* [TASK GOAL] Below are some records. Retype exactly the lines from the one containing "IGP Pays d'Hérault" through the one containing "INFODPLUS HydroVita Cooling", both included, skipping every picture.

Start of TASK INPUTS

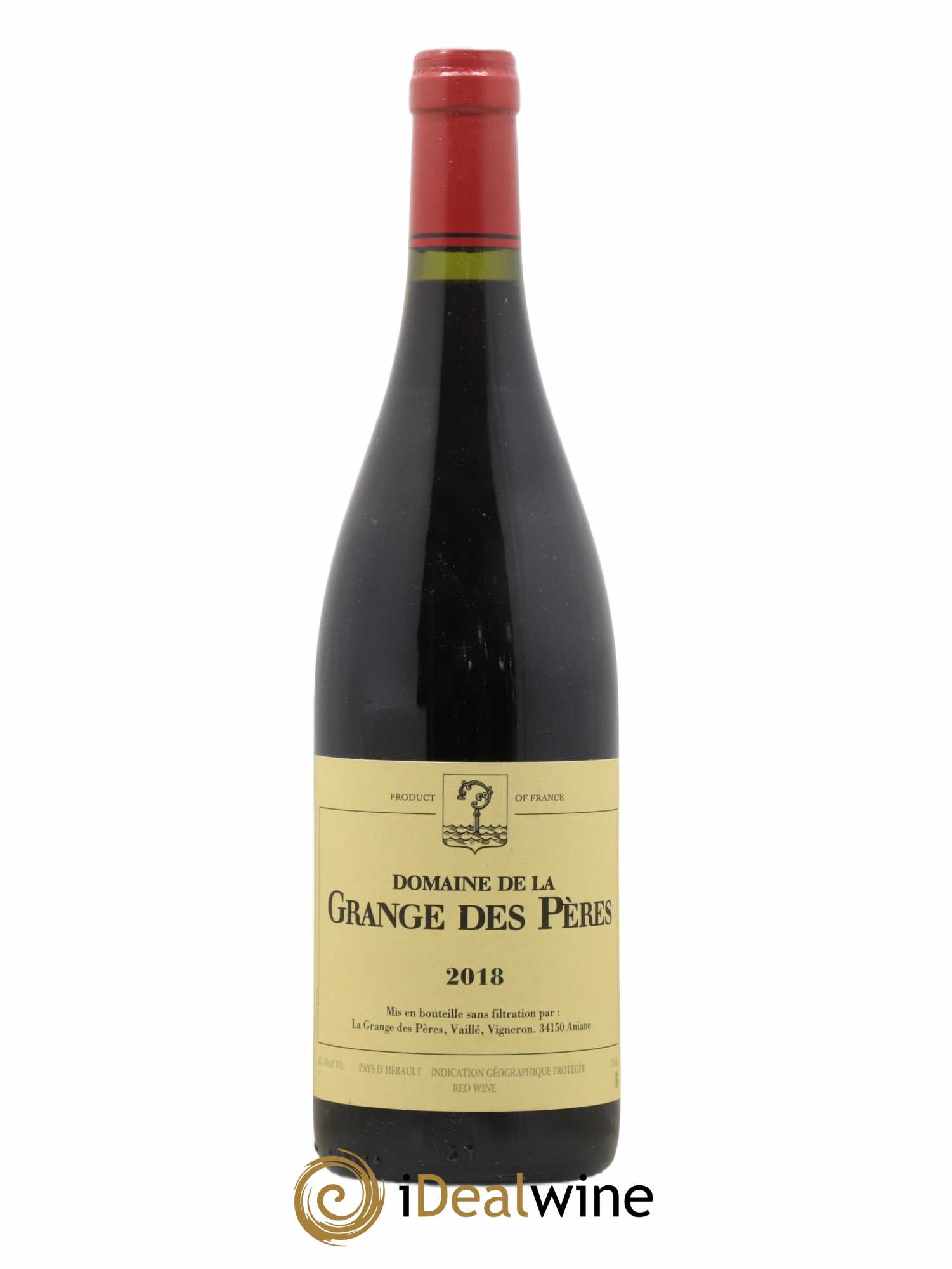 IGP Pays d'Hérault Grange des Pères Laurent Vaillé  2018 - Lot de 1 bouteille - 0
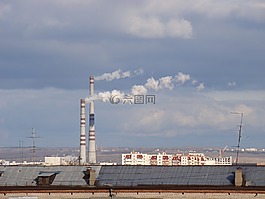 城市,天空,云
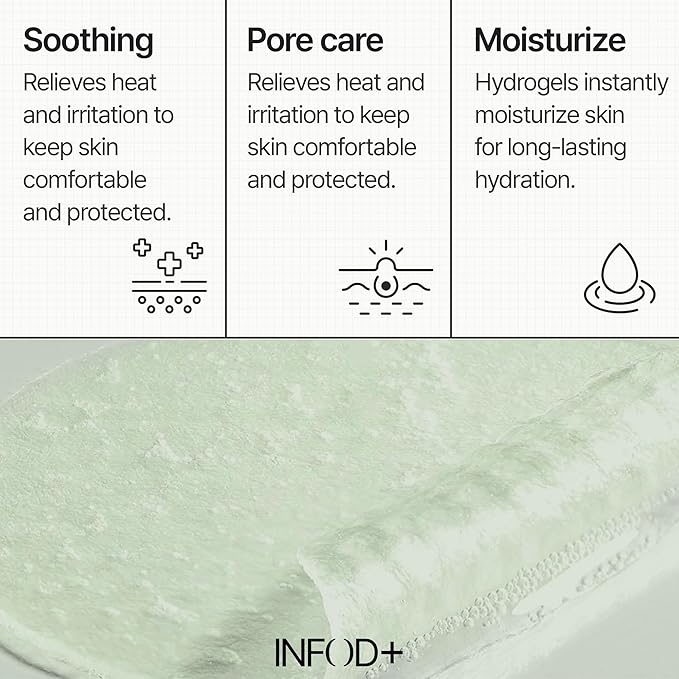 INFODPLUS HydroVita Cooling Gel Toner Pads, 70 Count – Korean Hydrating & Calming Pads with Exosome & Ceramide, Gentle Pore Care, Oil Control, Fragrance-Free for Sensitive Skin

End of TASK INPUTS
Start of TASK INPUTS

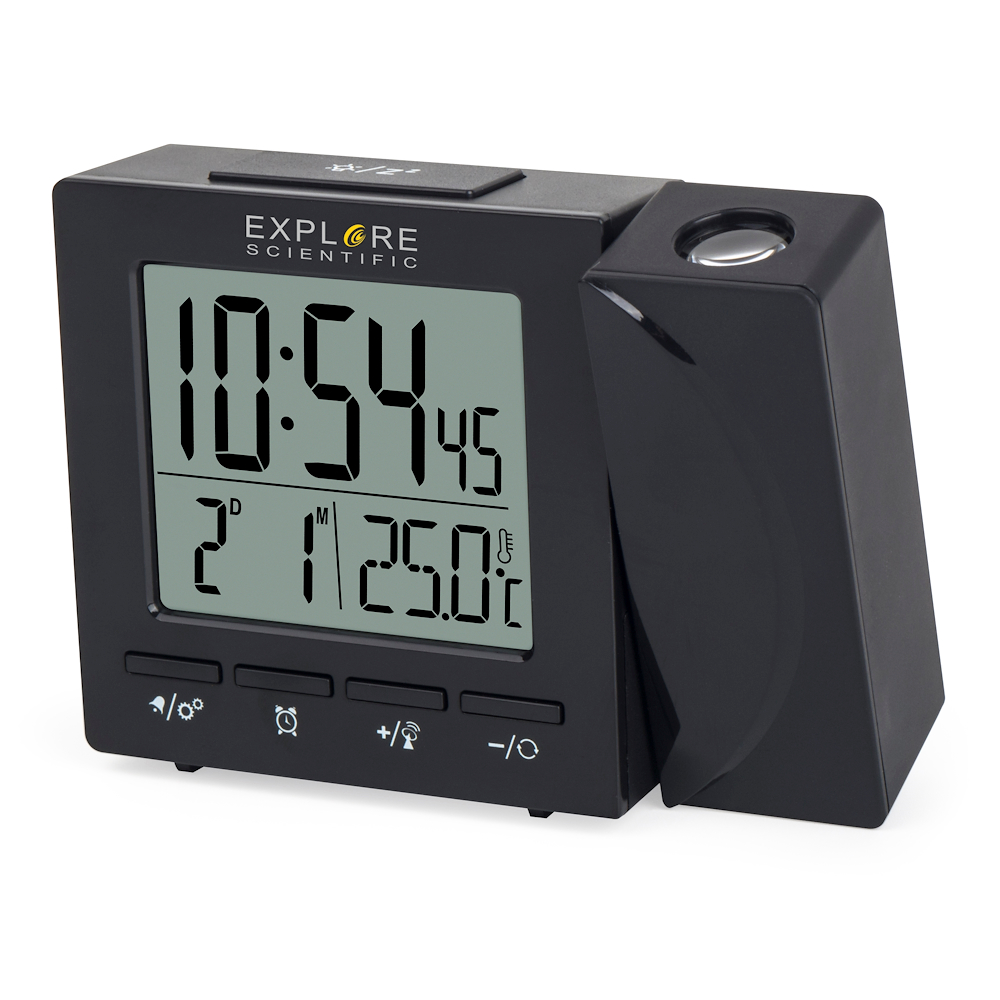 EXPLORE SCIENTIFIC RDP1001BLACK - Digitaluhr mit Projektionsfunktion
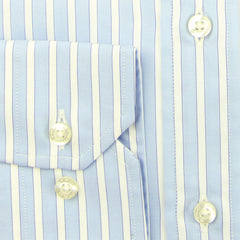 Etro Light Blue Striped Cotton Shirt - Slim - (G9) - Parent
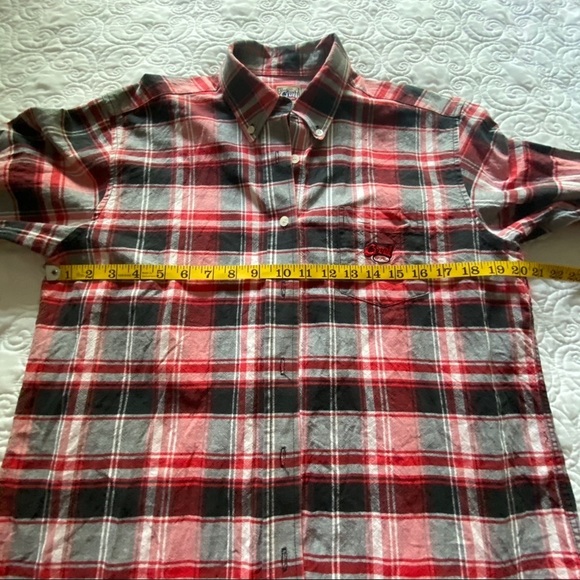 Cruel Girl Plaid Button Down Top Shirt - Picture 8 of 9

End of TASK INPUTS
Start of TASK INPUTS

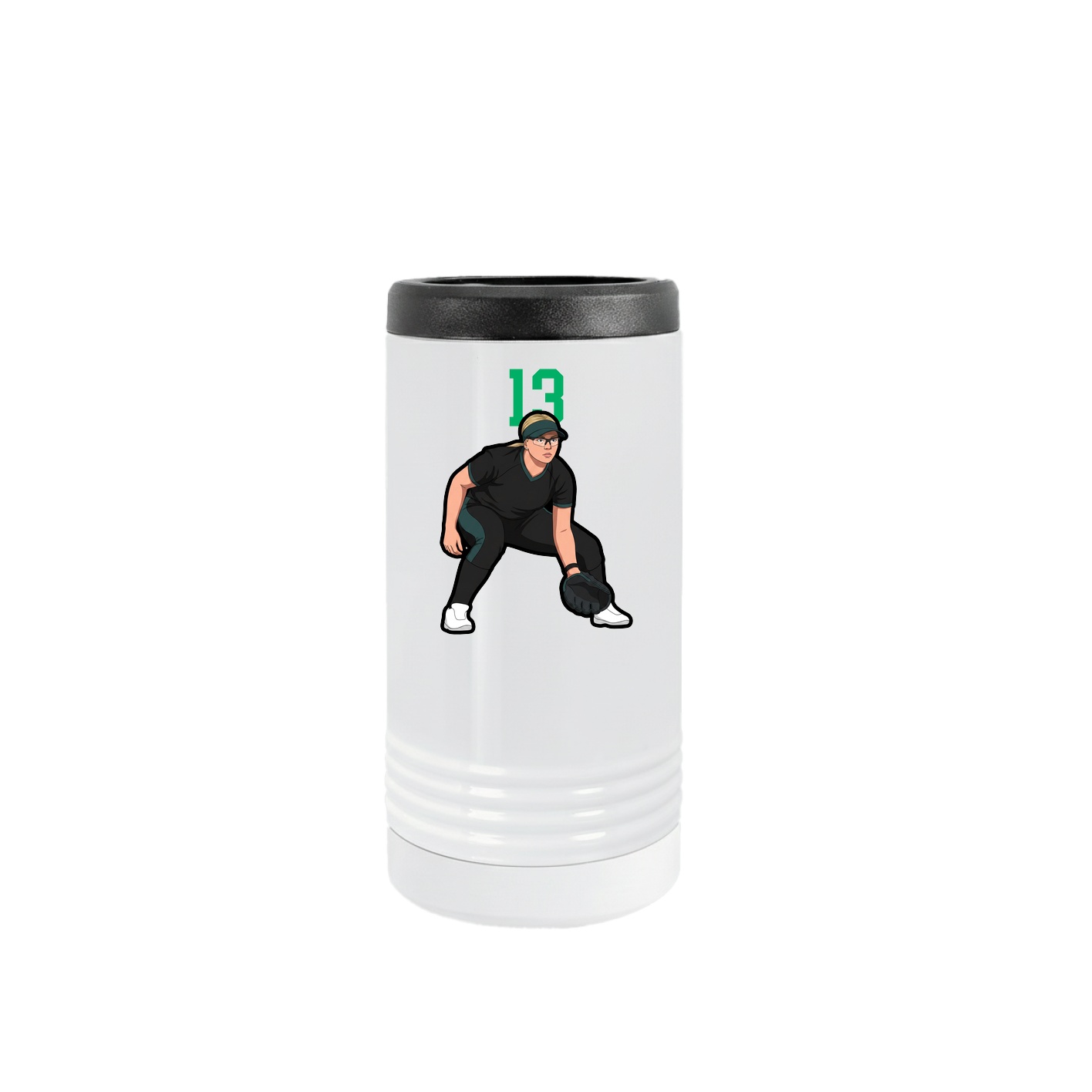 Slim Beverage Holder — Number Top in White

End of TASK INPUTS

* [ANSWER FOR THE TASK]
 IGP Pays d'Hérault Grange des Pères Laurent Vaillé  2018 - Lot de 1 bouteille - 0
 城市,天空,云
 INFODPLUS HydroVita Cooling Gel Toner Pads, 70 Count – Korean Hydrating & Calming Pads with Exosome & Ceramide, Gentle Pore Care, Oil Control, Fragrance-Free for Sensitive Skin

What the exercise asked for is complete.